OWASP LLM05: Improper Output Handling

v2.4.0 | Report Errata

docs security docs security

Insecure Output — Attack Vectors (XSS, SQL Injection, Command Injection via Output)

Model outputs that are passed to downstream systems without validation can trigger secondary vulnerabilities. If model outputs are rendered in web interfaces, they may contain cross-site scripting (XSS) payloads. If outputs are incorporated into database queries, they may contain SQL injection payloads. If outputs are passed to system shells, they may contain command injection payloads.

This threat is distinct from the model itself being compromised; it arises from the way downstream systems consume model outputs. A model that produces correct, well-intentioned outputs can still introduce vulnerabilities if those outputs happen to contain characters or patterns that downstream systems interpret as executable code. For generative models, this risk is particularly acute because the model’s output is free-form text that may contain any character sequence.

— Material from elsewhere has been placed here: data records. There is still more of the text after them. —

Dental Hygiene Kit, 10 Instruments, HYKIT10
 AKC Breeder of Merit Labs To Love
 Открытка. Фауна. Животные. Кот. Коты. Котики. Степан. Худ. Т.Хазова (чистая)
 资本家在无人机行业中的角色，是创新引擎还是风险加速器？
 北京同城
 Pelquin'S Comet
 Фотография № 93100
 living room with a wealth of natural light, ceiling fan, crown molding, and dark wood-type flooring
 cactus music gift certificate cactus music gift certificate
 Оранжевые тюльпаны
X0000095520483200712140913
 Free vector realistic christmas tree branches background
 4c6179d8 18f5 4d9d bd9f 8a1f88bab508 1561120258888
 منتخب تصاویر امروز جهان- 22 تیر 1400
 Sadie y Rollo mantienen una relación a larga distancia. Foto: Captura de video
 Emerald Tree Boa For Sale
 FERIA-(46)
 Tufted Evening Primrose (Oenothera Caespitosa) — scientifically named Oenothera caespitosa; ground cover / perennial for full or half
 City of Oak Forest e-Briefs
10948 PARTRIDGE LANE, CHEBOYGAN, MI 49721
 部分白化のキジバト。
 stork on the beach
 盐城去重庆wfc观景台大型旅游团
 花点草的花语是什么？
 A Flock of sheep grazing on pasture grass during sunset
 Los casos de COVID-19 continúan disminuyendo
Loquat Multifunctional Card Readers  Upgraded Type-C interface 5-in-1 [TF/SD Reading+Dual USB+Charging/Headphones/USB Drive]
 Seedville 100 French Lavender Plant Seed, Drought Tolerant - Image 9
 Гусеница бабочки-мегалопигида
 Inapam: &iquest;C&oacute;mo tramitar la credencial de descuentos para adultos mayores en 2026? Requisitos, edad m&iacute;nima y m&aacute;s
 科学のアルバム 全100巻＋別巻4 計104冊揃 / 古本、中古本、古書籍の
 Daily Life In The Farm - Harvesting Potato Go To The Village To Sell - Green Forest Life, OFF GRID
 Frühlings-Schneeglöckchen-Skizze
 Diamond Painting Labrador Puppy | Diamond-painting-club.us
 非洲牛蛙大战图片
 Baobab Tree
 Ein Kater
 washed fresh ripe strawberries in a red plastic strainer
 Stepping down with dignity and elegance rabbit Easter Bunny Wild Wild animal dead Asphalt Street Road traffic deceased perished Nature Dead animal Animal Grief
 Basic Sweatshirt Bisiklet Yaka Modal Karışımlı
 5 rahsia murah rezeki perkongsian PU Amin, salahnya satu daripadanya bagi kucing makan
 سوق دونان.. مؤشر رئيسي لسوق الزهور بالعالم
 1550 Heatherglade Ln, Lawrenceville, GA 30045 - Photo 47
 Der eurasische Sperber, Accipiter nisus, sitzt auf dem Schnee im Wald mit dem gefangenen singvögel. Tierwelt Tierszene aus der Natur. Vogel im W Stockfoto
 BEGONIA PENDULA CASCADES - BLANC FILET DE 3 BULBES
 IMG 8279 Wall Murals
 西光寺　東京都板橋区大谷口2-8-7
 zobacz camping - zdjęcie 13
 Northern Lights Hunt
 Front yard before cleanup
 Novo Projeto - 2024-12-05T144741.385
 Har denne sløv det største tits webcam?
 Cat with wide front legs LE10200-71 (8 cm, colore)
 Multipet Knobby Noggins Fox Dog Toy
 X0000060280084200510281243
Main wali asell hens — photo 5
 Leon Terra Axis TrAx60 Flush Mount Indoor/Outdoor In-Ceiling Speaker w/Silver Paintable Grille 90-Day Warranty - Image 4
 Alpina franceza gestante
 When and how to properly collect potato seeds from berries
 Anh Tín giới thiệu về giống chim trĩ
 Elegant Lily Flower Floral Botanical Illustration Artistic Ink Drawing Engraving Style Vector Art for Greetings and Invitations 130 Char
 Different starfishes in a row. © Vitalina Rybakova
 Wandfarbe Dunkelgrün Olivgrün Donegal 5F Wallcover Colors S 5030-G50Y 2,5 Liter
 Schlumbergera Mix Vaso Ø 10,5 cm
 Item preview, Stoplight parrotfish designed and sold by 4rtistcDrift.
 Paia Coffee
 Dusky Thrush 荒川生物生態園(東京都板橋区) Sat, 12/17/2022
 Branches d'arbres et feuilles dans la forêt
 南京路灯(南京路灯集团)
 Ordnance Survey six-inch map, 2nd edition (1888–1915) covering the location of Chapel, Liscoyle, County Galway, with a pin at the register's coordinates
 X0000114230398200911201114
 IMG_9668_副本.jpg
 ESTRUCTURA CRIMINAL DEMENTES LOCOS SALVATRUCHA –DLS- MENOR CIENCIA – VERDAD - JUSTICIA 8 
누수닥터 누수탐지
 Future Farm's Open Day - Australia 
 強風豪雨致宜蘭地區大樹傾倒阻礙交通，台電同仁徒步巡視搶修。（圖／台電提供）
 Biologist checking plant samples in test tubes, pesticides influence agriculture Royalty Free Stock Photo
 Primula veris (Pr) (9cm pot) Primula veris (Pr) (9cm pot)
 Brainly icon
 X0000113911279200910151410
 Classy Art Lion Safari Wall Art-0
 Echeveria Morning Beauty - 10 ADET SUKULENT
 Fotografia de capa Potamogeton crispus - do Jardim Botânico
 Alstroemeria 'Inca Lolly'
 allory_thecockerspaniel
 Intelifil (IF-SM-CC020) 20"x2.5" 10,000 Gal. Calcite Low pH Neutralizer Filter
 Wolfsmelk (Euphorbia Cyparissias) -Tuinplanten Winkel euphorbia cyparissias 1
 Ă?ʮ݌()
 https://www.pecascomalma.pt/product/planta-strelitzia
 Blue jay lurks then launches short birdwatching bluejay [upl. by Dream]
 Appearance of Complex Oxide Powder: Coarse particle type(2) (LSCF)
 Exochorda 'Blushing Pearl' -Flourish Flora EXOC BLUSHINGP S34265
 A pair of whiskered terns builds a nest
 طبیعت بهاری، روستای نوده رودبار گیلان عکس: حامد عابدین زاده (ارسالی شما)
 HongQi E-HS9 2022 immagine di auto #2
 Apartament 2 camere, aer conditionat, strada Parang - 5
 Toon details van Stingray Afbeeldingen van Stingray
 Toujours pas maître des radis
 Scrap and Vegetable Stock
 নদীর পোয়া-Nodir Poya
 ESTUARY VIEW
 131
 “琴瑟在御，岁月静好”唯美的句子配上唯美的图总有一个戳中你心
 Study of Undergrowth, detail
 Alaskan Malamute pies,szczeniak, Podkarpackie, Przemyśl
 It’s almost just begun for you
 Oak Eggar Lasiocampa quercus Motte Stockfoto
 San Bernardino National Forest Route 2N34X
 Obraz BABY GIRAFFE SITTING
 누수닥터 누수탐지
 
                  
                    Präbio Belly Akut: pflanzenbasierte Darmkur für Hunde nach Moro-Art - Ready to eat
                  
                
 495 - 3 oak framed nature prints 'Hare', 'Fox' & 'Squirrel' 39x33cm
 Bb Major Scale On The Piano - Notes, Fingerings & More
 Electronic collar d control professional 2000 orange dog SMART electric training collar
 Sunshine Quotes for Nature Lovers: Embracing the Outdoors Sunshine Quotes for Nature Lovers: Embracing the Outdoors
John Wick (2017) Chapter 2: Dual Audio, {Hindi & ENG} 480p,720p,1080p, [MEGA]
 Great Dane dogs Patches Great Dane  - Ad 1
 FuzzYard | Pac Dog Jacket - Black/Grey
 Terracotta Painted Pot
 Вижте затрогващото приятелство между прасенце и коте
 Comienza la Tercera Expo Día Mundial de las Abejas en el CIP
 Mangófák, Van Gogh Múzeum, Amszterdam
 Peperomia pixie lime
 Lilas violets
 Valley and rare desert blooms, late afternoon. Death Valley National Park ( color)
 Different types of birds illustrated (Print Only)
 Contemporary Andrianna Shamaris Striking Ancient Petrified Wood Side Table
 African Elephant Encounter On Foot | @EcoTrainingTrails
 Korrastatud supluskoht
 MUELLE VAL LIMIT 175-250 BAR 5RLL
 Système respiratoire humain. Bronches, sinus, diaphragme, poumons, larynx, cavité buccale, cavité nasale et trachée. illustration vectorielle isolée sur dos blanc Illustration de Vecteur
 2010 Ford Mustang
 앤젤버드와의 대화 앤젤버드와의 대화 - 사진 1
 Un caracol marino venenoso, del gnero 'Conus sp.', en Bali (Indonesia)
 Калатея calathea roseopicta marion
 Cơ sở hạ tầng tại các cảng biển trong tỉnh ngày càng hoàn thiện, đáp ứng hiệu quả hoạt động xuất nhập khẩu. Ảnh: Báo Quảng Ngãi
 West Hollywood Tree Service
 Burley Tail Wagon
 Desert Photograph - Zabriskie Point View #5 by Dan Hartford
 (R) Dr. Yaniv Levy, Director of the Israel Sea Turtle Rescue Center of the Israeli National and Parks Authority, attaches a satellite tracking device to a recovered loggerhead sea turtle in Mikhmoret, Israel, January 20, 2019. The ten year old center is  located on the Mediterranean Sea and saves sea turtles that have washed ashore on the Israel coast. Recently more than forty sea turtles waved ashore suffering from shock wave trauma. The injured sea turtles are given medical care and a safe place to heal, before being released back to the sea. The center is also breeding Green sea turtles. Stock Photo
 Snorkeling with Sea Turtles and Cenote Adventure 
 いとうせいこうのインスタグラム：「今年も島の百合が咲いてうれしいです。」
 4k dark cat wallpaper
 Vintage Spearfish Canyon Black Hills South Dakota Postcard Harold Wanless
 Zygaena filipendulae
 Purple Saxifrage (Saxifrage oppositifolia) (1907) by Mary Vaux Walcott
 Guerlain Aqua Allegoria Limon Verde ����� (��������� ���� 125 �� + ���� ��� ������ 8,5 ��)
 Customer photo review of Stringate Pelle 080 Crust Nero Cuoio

The threat assessment should identify every downstream system that consumes the model’s output and evaluate the injection risk for each consumption path. Web rendering, database queries, file system operations, email generation, and API calls to other services are all potential injection vectors. The assessment feeds into Module 9 and informs the output handling controls described above.

Key outputs

Downstream system inventory with injection risk per consumption path
XSS, SQL injection, and command injection vector assessment
Integration with the overall threat model
Module 9 and Module 3 AISDP documentation

Insecure Output — Controls (Untrusted Treatment, Encoding, Schema Validation, Sandboxing)

The foundational principle is that all model outputs are treated as untrusted input by downstream systems. This architectural decision eliminates an entire class of vulnerabilities by ensuring that no downstream component assumes model outputs are safe.

Output encoding ensures that special characters in model outputs are escaped before they reach consuming systems. For web rendering, HTML entity encoding prevents XSS. For database operations, parameterised queries prevent SQL injection. For system commands, shell escaping or, preferably, avoiding shell invocation entirely prevents command injection. Schema validation, enforced by a dedicated validation middleware on the inference output path, verifies that every output conforms to the expected structure before it is passed downstream. Outputs that fail validation are replaced with safe default responses and the failure is logged.

Sandboxed execution environments provide a final layer of defence. If model outputs must be executed (for example, code generation systems), the execution occurs in an isolated sandbox with no access to production systems, no network access, and resource limits. The output validation layer is enforced at the infrastructure level, not within the model’s code, ensuring it cannot be bypassed. Module 3 should describe the output validation layer as a distinct architectural component.

Key outputs

Untrusted-output architectural principle documented in Module 3
Output encoding per downstream consumption path
Schema validation middleware on the inference output path
Sandboxed execution for code-generating systems